L’accès de tous à des soins de qualité est l’objectif que l’on doit se fixer.
La seule façon de réduire les inégalités d’accès aux soins est d’assurer un haut niveau de prise en charge collective des dépenses. Les cotisations ont pour vocation de faire participer l’entreprise au financement de la protection sociale. Une responsabilité sociale qui devient un véritable choix de société avec, entre autres, la modification de l’assiette employeurs/salariés pour une responsabilisation accrue des entreprises.
Les cotisations payées par les entreprises représentent 43% des ressources (41% pour les ménages).
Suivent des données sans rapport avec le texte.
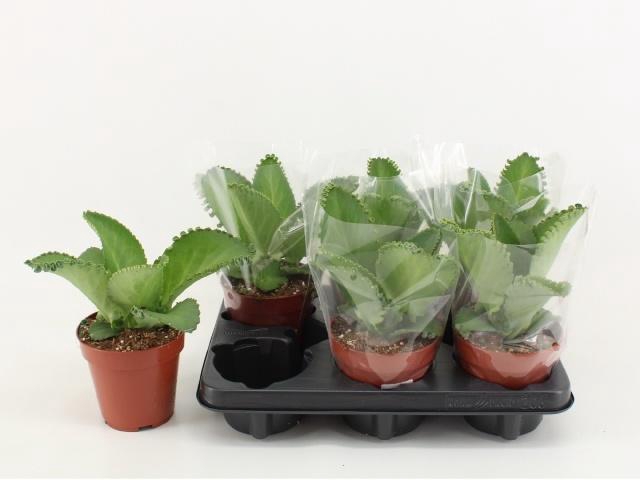 <h4>KALANCHOE DAIGREMONT</h4>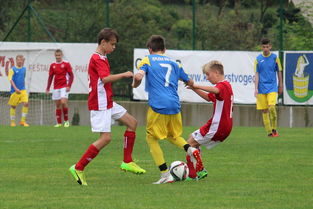 (格斗之王官网)全新正版格斗之王即将诞生:打破传统、引领时尚! (格斗之王官网)全新正版格斗之王即将诞生:打破传统、引领时尚!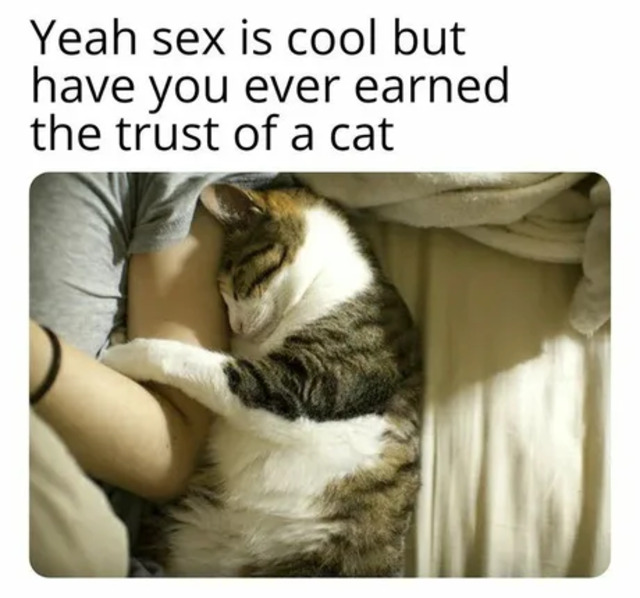 Bildschirmarbeiter - Picdump KW39 2020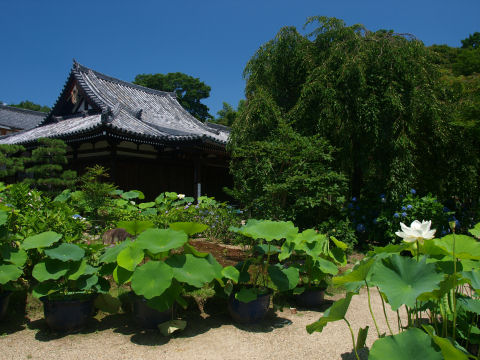 前にも写したばっかりだった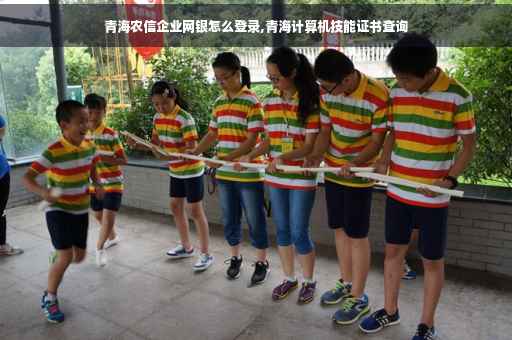 青海农信企业网银怎么登录,青海计算机技能证书查询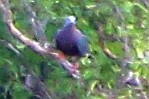 New Guinea Bronzewing - Sue Hacking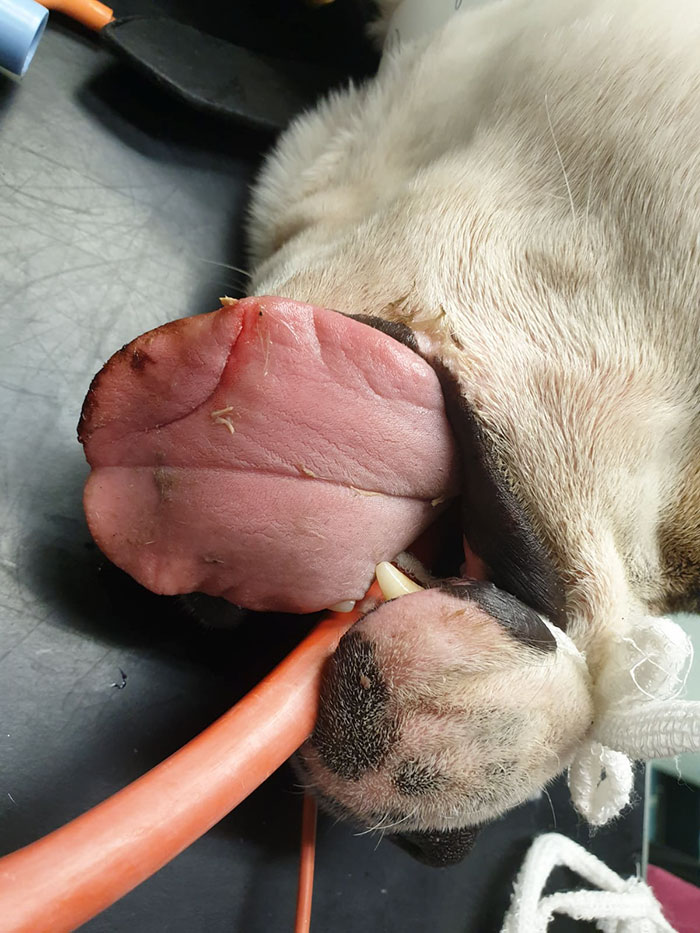 This 10-year-old Doggy Named Bonnie Attempted To Lick A Can Of Tuna And Ended Up In The ER This 10-year-old Doggy Named Bonnie Attempted To Lick A Can Of Tuna And Ended Up In The ER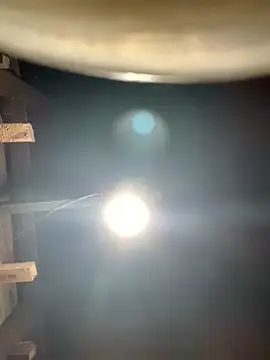 ngoccc-nga online show from 1, 3, 2026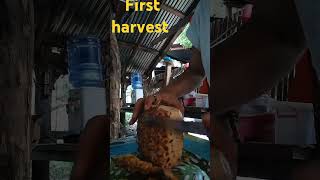 Pinya first harvest bfarm [upl. by Dnalyram]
Cette part était d’environ 54% en 1989 et 46% en 1995.
Face à des dysfonctionnements structurels majeurs, il s’agit d’entreprendre la mise en place d’une véritable politique globale des soins et de la santé publique avec des choix explicités, débattus et choisis de façon démocratique, d’examiner les solutions de financement des dépenses de soins avec tous les partenaires et professionnels de santé. Lors de son récent congrès à Toulouse, la FNMF s’est dotée d’un corpus de 25 propositions destinées à réformer le système de soins et à réduire les inégalités de santé. Le projet mutualiste invite à réorganiser le système de distribution des soins pour en hiérarchiser l’accès et coordonner les interventions des différents acteurs. Dans ce modèle, le médecin généraliste est placé au centre du système de santé, financièrement reconnu et intéressé à maintenir sa patientèle en bonne santé, incité à travailler en réseau, rémunération fondée sur le système de capitation (en fonction du nombre de clients inscrits)… Mais le rapport présenté par la mutualité est resté cependant dans une logique de corégulation et de partage des responsabilités qui pourrait amener la mutualité à s’inscrire peu ou prou dans le processus de Chadelat.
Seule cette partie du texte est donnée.